__Task to carry out__
Tally the lines in the data below where the word "White" appears, and give the tally alone.

__Material for the task__
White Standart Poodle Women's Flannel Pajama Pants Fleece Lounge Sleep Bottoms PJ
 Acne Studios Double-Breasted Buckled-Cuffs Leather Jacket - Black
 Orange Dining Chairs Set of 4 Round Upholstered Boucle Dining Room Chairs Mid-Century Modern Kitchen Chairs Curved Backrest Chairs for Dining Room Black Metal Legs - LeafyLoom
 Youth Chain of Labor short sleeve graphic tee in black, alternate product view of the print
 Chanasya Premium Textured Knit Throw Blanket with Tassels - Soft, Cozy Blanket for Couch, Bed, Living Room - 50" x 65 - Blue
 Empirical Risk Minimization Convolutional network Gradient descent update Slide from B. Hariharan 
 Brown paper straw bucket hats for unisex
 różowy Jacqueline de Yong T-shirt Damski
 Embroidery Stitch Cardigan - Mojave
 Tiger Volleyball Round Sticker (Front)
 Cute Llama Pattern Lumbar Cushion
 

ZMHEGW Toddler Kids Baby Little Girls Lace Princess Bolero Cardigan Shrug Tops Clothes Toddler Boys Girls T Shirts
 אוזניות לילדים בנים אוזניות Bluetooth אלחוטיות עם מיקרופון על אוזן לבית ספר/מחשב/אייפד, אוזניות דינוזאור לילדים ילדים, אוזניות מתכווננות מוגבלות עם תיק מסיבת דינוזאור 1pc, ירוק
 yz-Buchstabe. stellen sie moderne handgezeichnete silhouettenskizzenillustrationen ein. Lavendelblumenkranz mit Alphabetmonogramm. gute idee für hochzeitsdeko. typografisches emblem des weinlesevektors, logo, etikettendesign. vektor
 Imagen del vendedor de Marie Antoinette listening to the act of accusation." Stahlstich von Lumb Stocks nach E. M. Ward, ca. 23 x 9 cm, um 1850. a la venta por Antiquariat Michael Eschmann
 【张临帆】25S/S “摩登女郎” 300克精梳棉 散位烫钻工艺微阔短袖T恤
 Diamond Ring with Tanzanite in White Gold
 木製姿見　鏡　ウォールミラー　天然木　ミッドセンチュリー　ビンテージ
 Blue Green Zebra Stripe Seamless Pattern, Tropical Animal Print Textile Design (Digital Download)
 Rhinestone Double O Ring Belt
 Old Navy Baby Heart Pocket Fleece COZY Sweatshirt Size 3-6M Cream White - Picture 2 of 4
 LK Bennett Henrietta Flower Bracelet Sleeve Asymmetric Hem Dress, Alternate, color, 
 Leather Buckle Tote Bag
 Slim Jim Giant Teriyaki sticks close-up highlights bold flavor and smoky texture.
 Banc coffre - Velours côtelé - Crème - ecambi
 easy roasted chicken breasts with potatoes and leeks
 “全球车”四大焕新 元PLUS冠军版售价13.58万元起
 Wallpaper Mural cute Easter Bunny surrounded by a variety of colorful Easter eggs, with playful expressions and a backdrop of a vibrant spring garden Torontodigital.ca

__Reply__
3